I did a reggae night at Joe’s Pub. You learn –with reggae especially—that you need to know what your records are about. You can’t just use the excuse of patois and riddim. One night I was playing Shabba Ranks “Browning.” It’s about women bleaching their skin with battery acid to look whiter. You really need to be aware. Shabba had to make a response record to that.
It’s important to know what your records mean, how they related to the other records you’re playing, where they come from, these are all things you have to take into account. You can't be overly didactic either. You’re there for a party at the end of the day. But party’s can have functions and reasons.
Party for your right to fight.
Yeah, and you can’t just overlook that and be completely hedonistic about it. If you did that, it becomes the bad aspect of what post-modernism is, this meaningless pastiche. If you want to get down to it, yeah, everything is meaningless, in the sense that it doesn’t have inherent meaning. But you need to encourage people to participate in the meaning of it and tease it out. or create new meaning. They are fluid things, but you need to encourage it and guide that river. It’s an important thing and that’s part of your role as a DJ. And with editing too, you’re trying to bring attention to certain records.
Did you learn about edits through Ron Hardy?
I knew about it and realized that he was editing. I didn’t grasp that. The way he’s repeating stuff is the same kind of aesthetic of repetition and extending things out. The Chicago idea of minimalism, house came out of basically this culture of people digging fro deeper records, but also, they stopped making disco records.

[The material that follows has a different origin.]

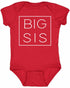 Big Sis - Box on Infant BodySuit (#1250-10)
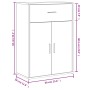 Aparadores 2 uds madera de ingeniería blanco 60x30x84 cm de , Aparadores - Ref: Foro24-3276595, Precio: 168,72 €, Descuento: %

People realized they had to make them longer, put an 808 under it, which morphed into house culture. There was house culture before there was house music, just like hip-hop.
Or like disco, with the culture.
Disco in that there was uptempo soul music. Disco didn’t have this revolutionary formal aspect based on pastiche and collaging and combining and re-contextualizing things. Disco turned into an aesthetic. You had MFSB, uptempo Philly Soul stuff, faster rock records. Early NY underground disco, what Mancuso was playing, “Woman” by Barrabas, records like that as a template.
Then there’s commercial disco, after SNF, record companies thinking it was a gold mine and just pumping out all this shit. 95% of which is utterly horrible. But there will be this random 5%. They didn’t give a fuck, here’s money, make records. Oh, Debussy over a disco beat. Some of those things, by law of averages, came out amazing.
Then it got bloated, imploded, turned into boogie. There was still a need for club records, but they got leaner. You had keyboards instead of string sections. But with house music and hip-hop, it was people making something new using these radical formal techniques out of those raw materials. That’s the distinction. Those were aesthetic lenses that you viewed things through. You can hear aspects of disco in Steve Miller and “Miss You,” but the 4/4 was in the air. But it wasn’t as radical as the breaks of house. Edits are a continuum through all of that. Walter Gibbons making eight-minute mixes out of multi-tracks of a three-minute soul record. Tom Moulton and Walter Gibbons are the origins of it. You have it going into Danny Krivit and then you have Francois K. the way he did 12 mixes were edits with effects on them. He’s a real template for how you do that kind of stuff. His approach is still the best approach. The Rapture remix is my version of a Francois K. mix.